By: Jerry E. Beuterbaugh on April 27, 2015
Never seen. Pisses me off. The Hurricane and X once saw the Wienermobile on I-70 in Iowa when he was returning her to college. Another time he saw it in Springfield, Illinois, just tooling along. He called to tell me so I would be jealous. I was. Love, Janie
By: Janie Junebug on April 27, 2015
I did see one and was quite impressed but got no whistles or free hot dogs-which are my weakness food. When I see someone eating one, I have to have one.
By: Akansas Patti on April 27, 2015
How sad is it that I covet your weinermobile whistle?
By: Cherdo on April 27, 2015
As a matter of fact I did see one about 7 years ago while on the road in the 18 wheeler in Georgia. It was in a rest stop filling up with gas. The drivers were two females who acted as if it was a perfectly looking car they were driving...lol
By: Bouncin Barb on April 27, 2015
He probably had a schedule to keep, but i'm sorry he didn't stop for you.
By: mimi on April 27, 2015
Well here's a terrible thing - I think I've seen one in person (or in passing), but I'm not sure. That's what getting older does to ya...
By: The Bug on April 27, 2015
The Wienermobile has made it to the annual classic car show here a few times, and I got some pictures of it. I guess I didn't know about the whistles. If it shows up again this year, I'll see if I can get one!
By: Pixel Peeper on April 27, 2015
I've seen a few vehicles shaped like hot dogs, but they were not true Weinermobiles, just copycats. Anyway, nice memory, altho' I swore off hot dogs abt ten years ago.

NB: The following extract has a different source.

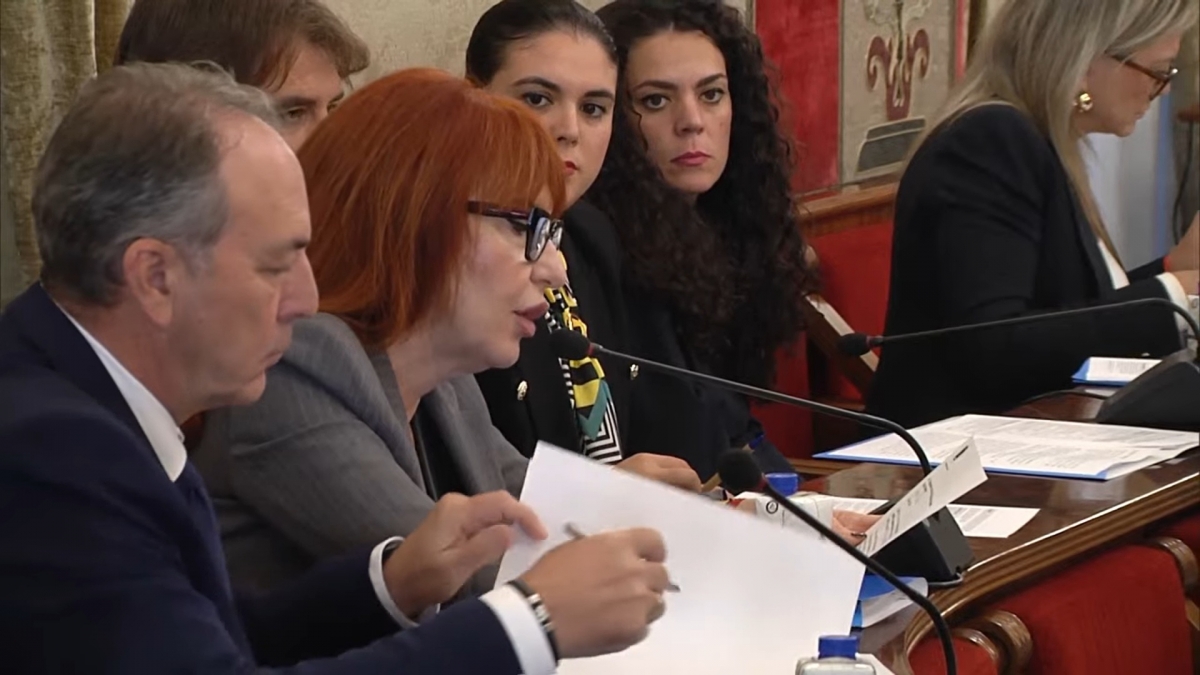 La edil de Bienestar Social, Begoña León.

By: Tom Sightings on April 27, 2015
I must live under a toadstool as I've never heard of a wienermobile or Oscar Mayer for that matter. We probably don't have those products in Canada.
By: red on April 27, 2015
Never saw it, nor the whistle. But I used to have a Mr. Softee ring, if that counts.
By: Val on April 27, 2015
Brings a whole new meaning to fast food! :)

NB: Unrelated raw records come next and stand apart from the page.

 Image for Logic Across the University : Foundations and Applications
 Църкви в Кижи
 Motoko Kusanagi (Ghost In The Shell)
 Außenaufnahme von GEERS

By: John on April 28, 2015
I missed this whole bit of culture in my little farming community. I am not a big fan of hot dogs anyway. ;-)
By: Tabor on April 28, 2015
I've never seen the Weinermobile, but I did hear no end of jokes when one of them hit a patch of ice and slid off the road this last winter. I think NPR had at least 4 or 5 puns, just in the opening, like "it was the wurst day ever for the driver", etc. My friends and I did sing the Oscar Meyer bologna jingle a lot, tho. Much to my family's annoyance. My baloney has a first name... Cat
By: Cat on April 28, 2015
now I have that lttle ditty running through my head! "Oh I wish I was an Oscar Meyer weiner....." argh!
By: Kathe W. on April 28, 2015
Sounds like the driver was a big little prick - to not even slow down for excited kids. What's the point of driving a big wiener dog if you don't show it off? Geeze. No, I haven't seen one, except in blogland.
By: Robyn Engel on April 28, 2015
What a story! No, I've never seen it at any car shows. But I can see how it would be a great advertising vehicle--no pun intended!
By: Michael Manning on April 28, 2015
I had never heard of the Wienermobile! Wow! Can't believe the driver didn't at least slow down for you all. What a giant prick! (The driver, too.)
By: Mitchell is Moving on April 29, 2015
well, I wish I had one of those whistles for my whistle collection.